But paragons of virtue can be very irritating, so analysts and rival airlines have spent a long time looking for chinks in Southwest’s armour. Now they suspect they may have found a few.

First, Southwest is facing new competition at its home base, Dallas Love Field, where historically it has enjoyed a near–monopoly. Legend Airlines — a start–up — plans to launch interstate services using regional jets, a move that poses a minor threat to Southwest but which has also induced American to apply for services out of Love Field (rather than its mega–hub at Dallas Fort Worth). This could be a major threat to Southwest, especially as American is proposing to enter the Austin route, one of Southwest’s prime profit generators.

The concern is not so much that new entrants at Love Field and other Southwest airports will undercut Southwest, but that the use of high–frequency, regional–jet service will capture some of its business travel component. Likewise, American and the other Majors cannot compete on cost and fares with Southwest, but they could use their FFPs to capture some of its business traffic.

Second, Southwest’s expansion in the east is bringing it into competition with the lower–cost subsidiaries of the majors rather than the majors themselves — Delta Express and MetroJet (US Airways’ new operation). This is at least likely to slow Southwest’s progress in these markets.

Third, Southwest could be facing the Richard Branson–syndrome. The company is so closely associated with Herb Kelleher, chairman, president and CEO (and not personally a paragon of virtue), that it is hard to conceive of the airline without him. Yet at some point in the not too distant future he will leave, and unlike at American where Bob Crandall had groomed Donald Carty, there does not seem to be a clear line of succession at Love Field.

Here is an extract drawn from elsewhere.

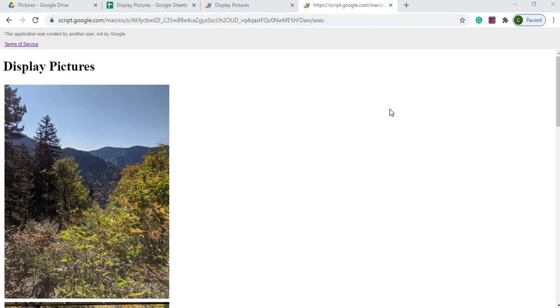Welcome to Code with Kurt, the channel that brings you the latest Google Sheets and Google Apps Script videos. In today's video I'm going to show you how to take photos and display them on a web app. In particular, these photos are stored in a Google Drive.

Meanwhile, Southwest reported the highest quarterly net profit in its history — $133m or 12.3% of turnover — for the period April–June 1998. Nevertheless, questioning by analysts of Southwest’s strategy can only be a good thing. Market and industry structures do change, and it is unwise to assume that just because its strategy has worked so well for 26 years it will work forever.

* What is really wrong with America’s air carriers — or the secret of Southwest, MBA, August 1998.